飲食店開業までの準備・流れを徹底解説!必要な許認可申請・資格や資金・期間の目安

  • 飲食店開業支援
飲食店開業の準備

これから飲食店を開業したいと考えていても、具体的にどのような準備に着手すれば良いかわからない方も多いでしょう。

「開業までどれくらいの期間があれば準備ができるかわからない」

「具体的にどのような準備をすれば良いのか知らず、見落としそうで不安」

など、初めて開業する方にとって不安が多く出てくるポイントでもあります。重要なのは、具体的に何をいつ準備しておけば良いのか、全体像を把握することです。

そこで今回は、飲食店開業までの準備期間の目安や準備の流れ・進め方と、必要資金・許認可申請に加えて、取得しておかなければならない資格についても詳しく解説します。

目次

飲食店開業までの準備期間の目安

レストランのテーブルにセットされたランチクロスとカトラリーのイメージ

飲食店開業に向けた準備期間の目安は、半年~1年です。店舗の規模や準備にかけられる時間によっても変動しますが、初めて飲食店を開業するのであれば1年前から準備に着手しておくと良いでしょう。

ただし、自己資金の貯蓄に関しては、1年で目標額を達成できるとは限りません。そのため、開業に向けた資金準備は数年前から始めておき、開業に向けて本格始動するのは1年前を目途としておくとスムーズです。

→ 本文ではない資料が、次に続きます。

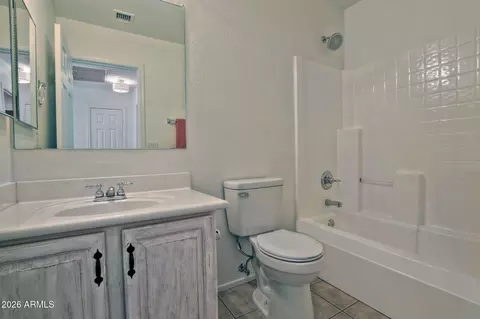 Bath - 1708 E Cielo Grande Ave, Phoenix, AZ 85024 photo 2 of 5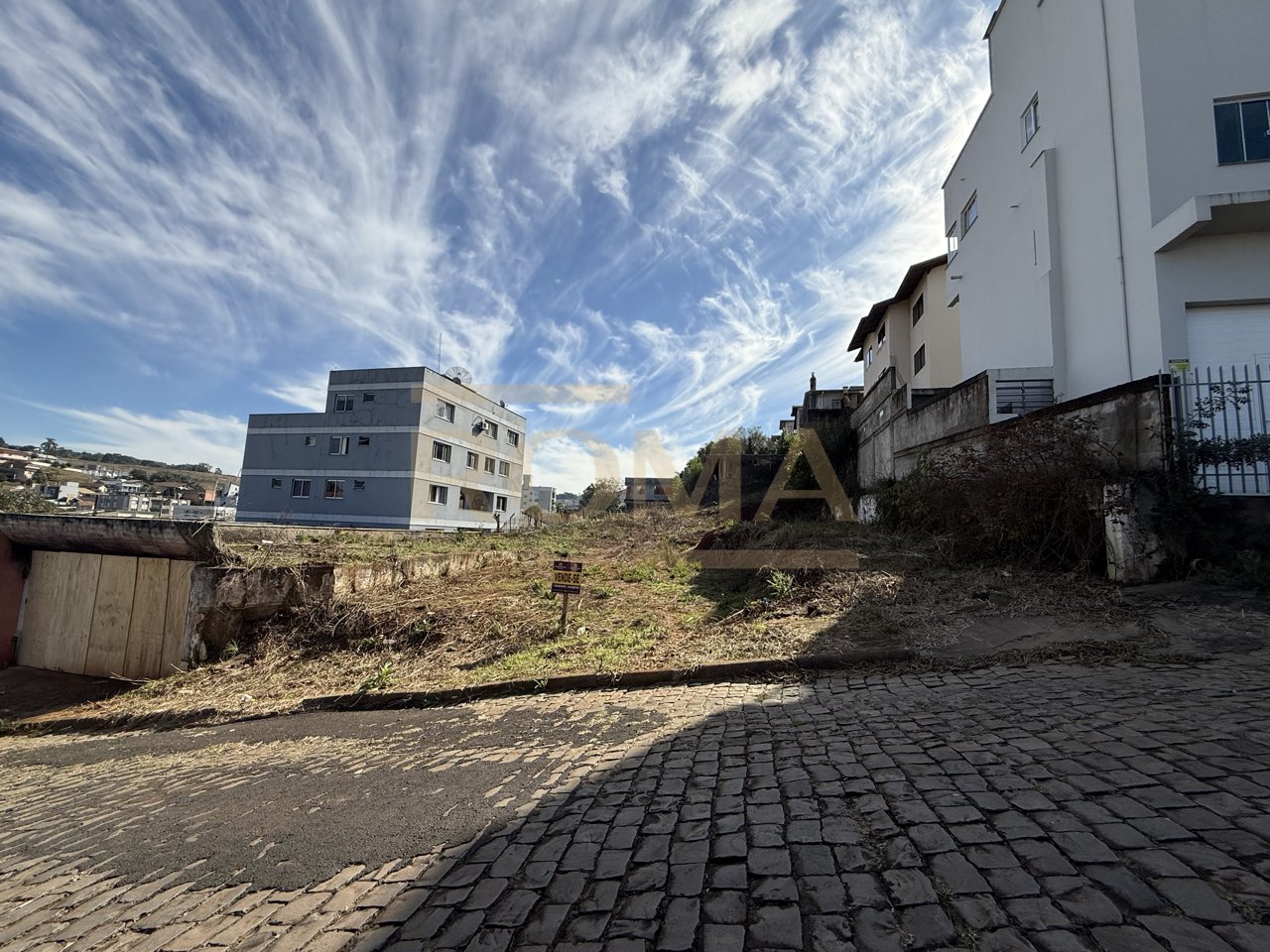 TERRENO GRANDE NA RUA VIDAL RAMOS — foto principal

小さい飲食店であれば必要資金も抑えられますが、規模が大きくなるほど必要な資金も準備工数も増加します。まずは、どのような規模・業態の飲食店を開業したいのかをイメージしながら、必要資金を算出し、自己資金の貯蓄を進めておくことが重要です。

飲食店開業に向けた準備の流れ

飲食店開業に向けた準備は、以下の流れで進めていくケースが一般的です。

  1. 開業する飲食店のコンセプト設計を行う
  2. 事業計画書を策定する
  3. 自己資金の貯蓄・資金調達・融資の申請を行う
  4. 商圏分析を行って出店場所を絞る
  5. 不動産屋で店舗物件を探す
  6. 料理・メニューの開発に着手する
  7. 店舗物件を契約する
  8. 店舗の内装・外装の施工を行う
  9. 厨房設備を選定して購入する
  10. 什器・備品類を調達する
  11. 必要な届出・申請手続きを進める
  12. 店舗スタッフの採用活動・研修・教育を行う
  13. チラシ配布・ポスティングで開業を宣伝する
  14. プレオープンする
  15. 業務オペレーションを改善する
  16. 開業する

状況によっては順番が変動したり、再手続きが必要になるケースもあるので、スケジュールに余裕をもって進めておくと良いでしょう。

開業する飲食店のコンセプト設計を行う

まずは、開業する飲食店のコンセプト設計を行います。業種・業態、ターゲット層、店舗規模、具体的な店舗のイメージなどを固めておきましょう。

事業計画書を策定する

コンセプトがまとまったら、事業計画書を策定します。事業の要旨や戦略、事業規模、資金計画、収益予測などをとりまとめたものです。事業計画書は融資審査でも提出が求められるため、事前に準備しておくとスムーズに対応できます。

自己資金の貯蓄・資金調達・融資の申請を行う

自己資金の貯蓄や資金調達、融資申請を行います。自己資金で開業資金を全額賄えるのが理想ですが、難しい場合は融資を受けて開業するのも選択肢の1つです。

商圏分析を行って出店場所を絞る

商圏分析を行って、出店場所をリサーチします。商圏分析は、出店地域のターゲット層の傾向を分析する手段の1つです。人通りが多い時間帯、世帯の傾向(単身・ファミリー・富裕層など)などを分析して、自身の飲食店のコンセプトにマッチする出店場所を探します。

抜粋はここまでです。